Data for analysis.

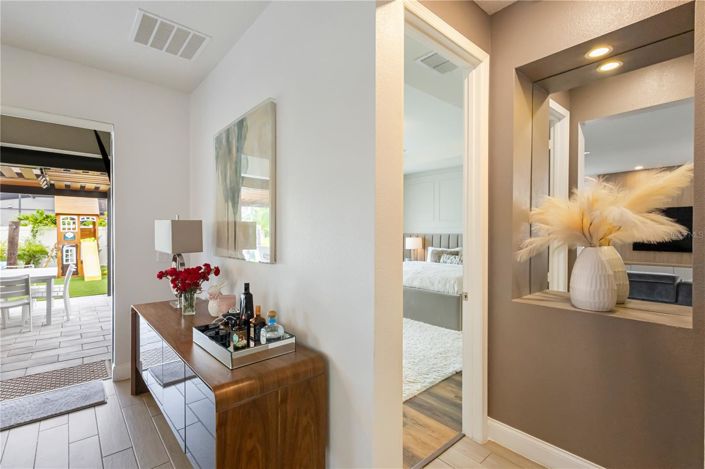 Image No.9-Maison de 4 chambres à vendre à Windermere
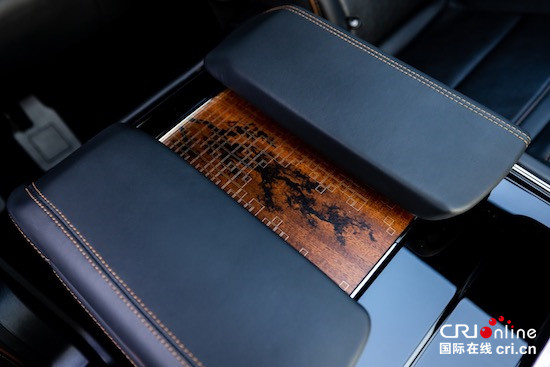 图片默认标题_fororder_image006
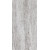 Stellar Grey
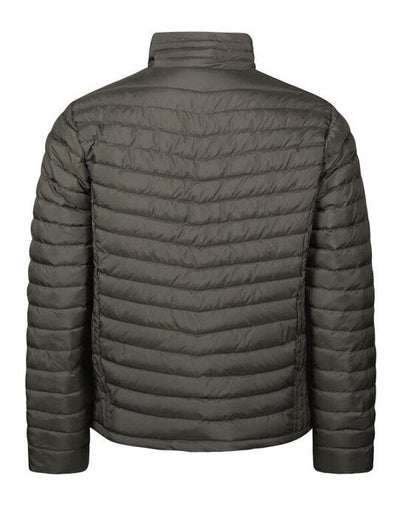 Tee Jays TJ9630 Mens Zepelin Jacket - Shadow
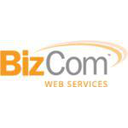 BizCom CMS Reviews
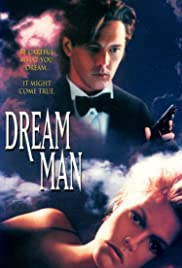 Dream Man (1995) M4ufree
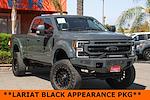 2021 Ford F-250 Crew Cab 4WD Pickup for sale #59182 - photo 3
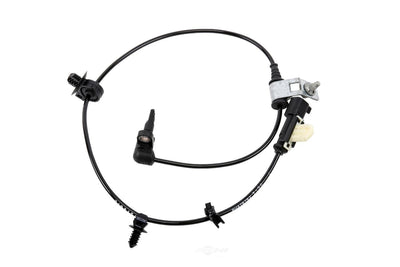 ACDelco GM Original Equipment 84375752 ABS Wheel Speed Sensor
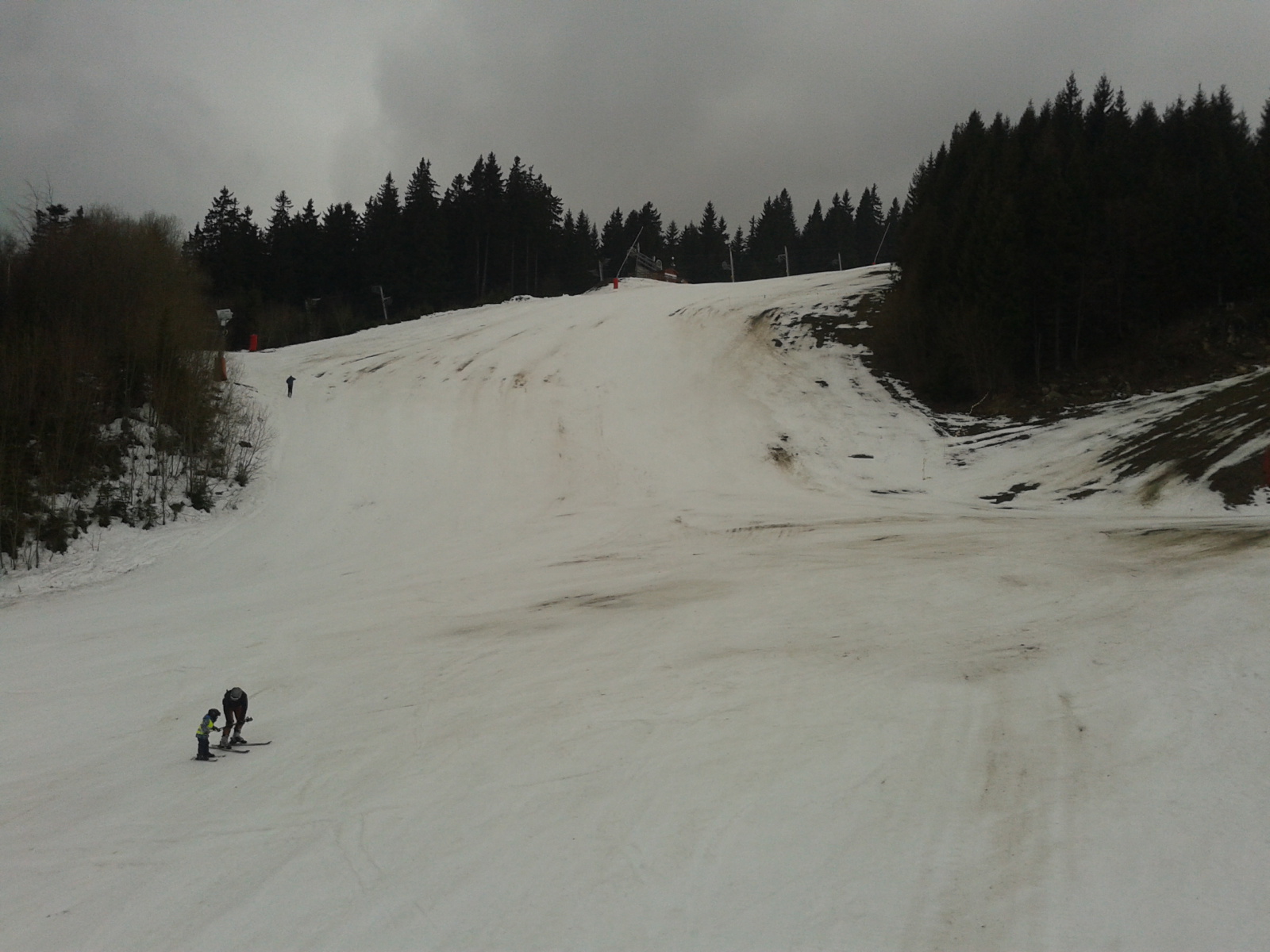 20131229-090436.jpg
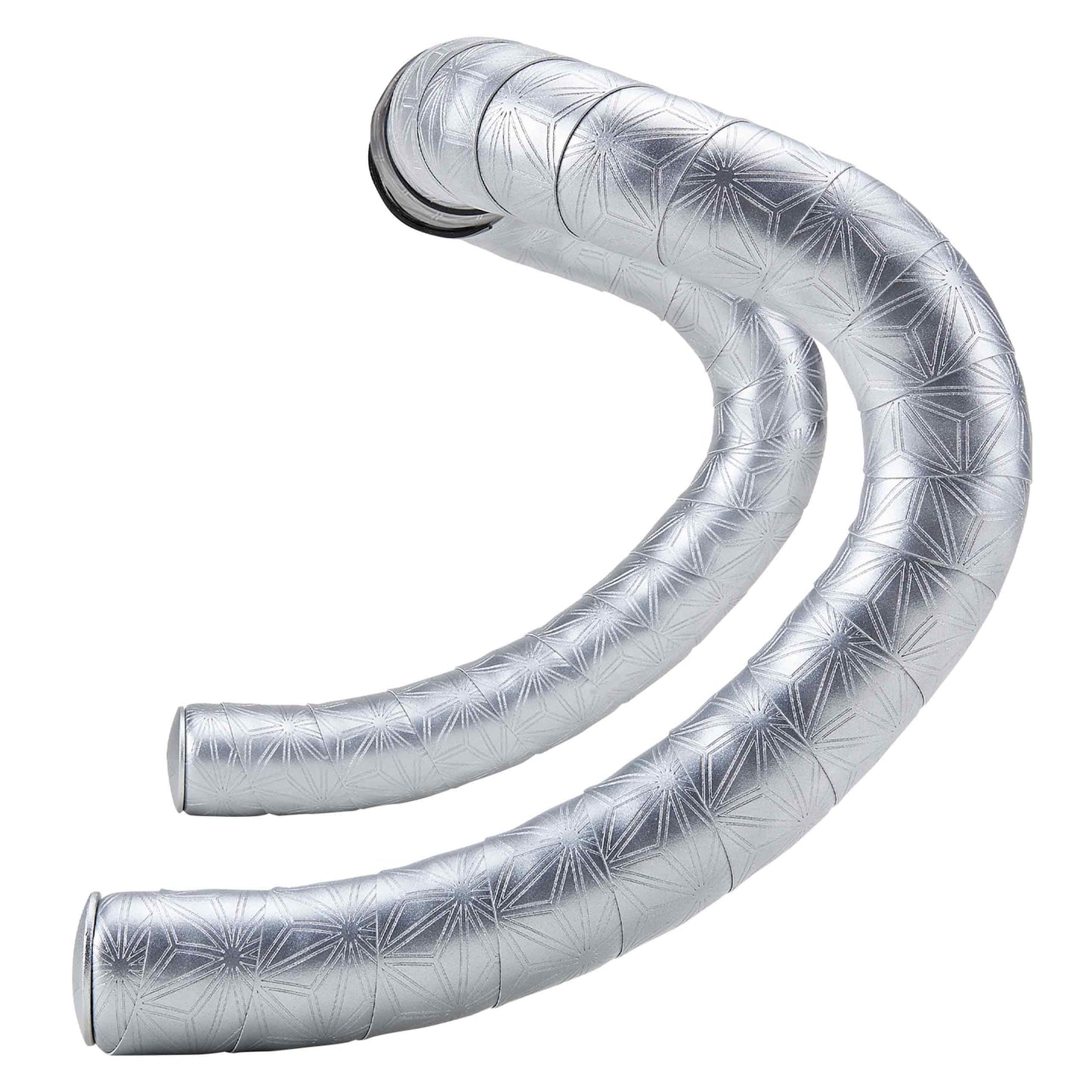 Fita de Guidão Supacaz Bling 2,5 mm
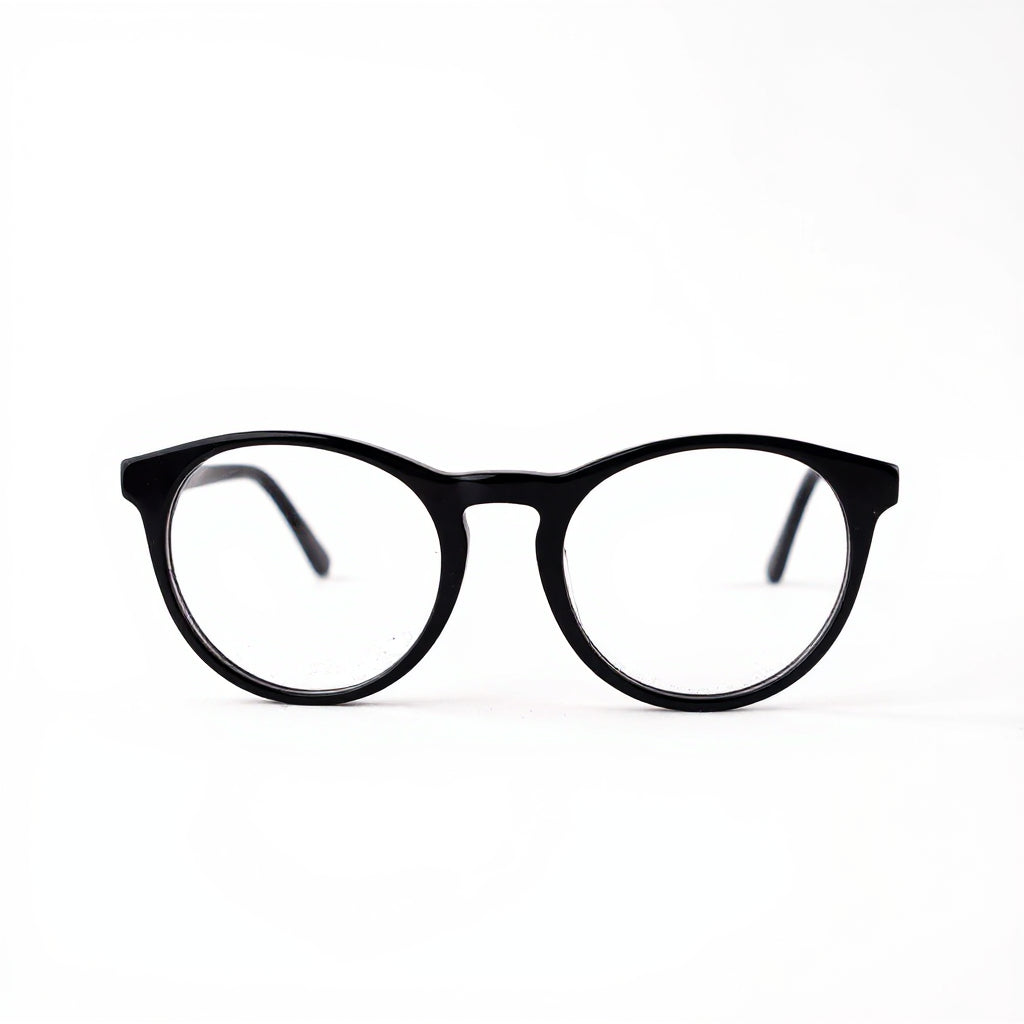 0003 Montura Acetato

Work to complete.
Please output every record above exactly as written, leaving out the pictures.

Output for this exercise.
 Image No.9-Maison de 4 chambres à vendre à Windermere
 图片默认标题_fororder_image006
 Stellar Grey
 Tee Jays TJ9630 Mens Zepelin Jacket - Shadow
 BizCom CMS Reviews
 Dream Man (1995) M4ufree
 2021 Ford F-250 Crew Cab 4WD Pickup for sale #59182 - photo 3
 ACDelco GM Original Equipment 84375752 ABS Wheel Speed Sensor
 20131229-090436.jpg
 Fita de Guidão Supacaz Bling 2,5 mm
 0003 Montura Acetato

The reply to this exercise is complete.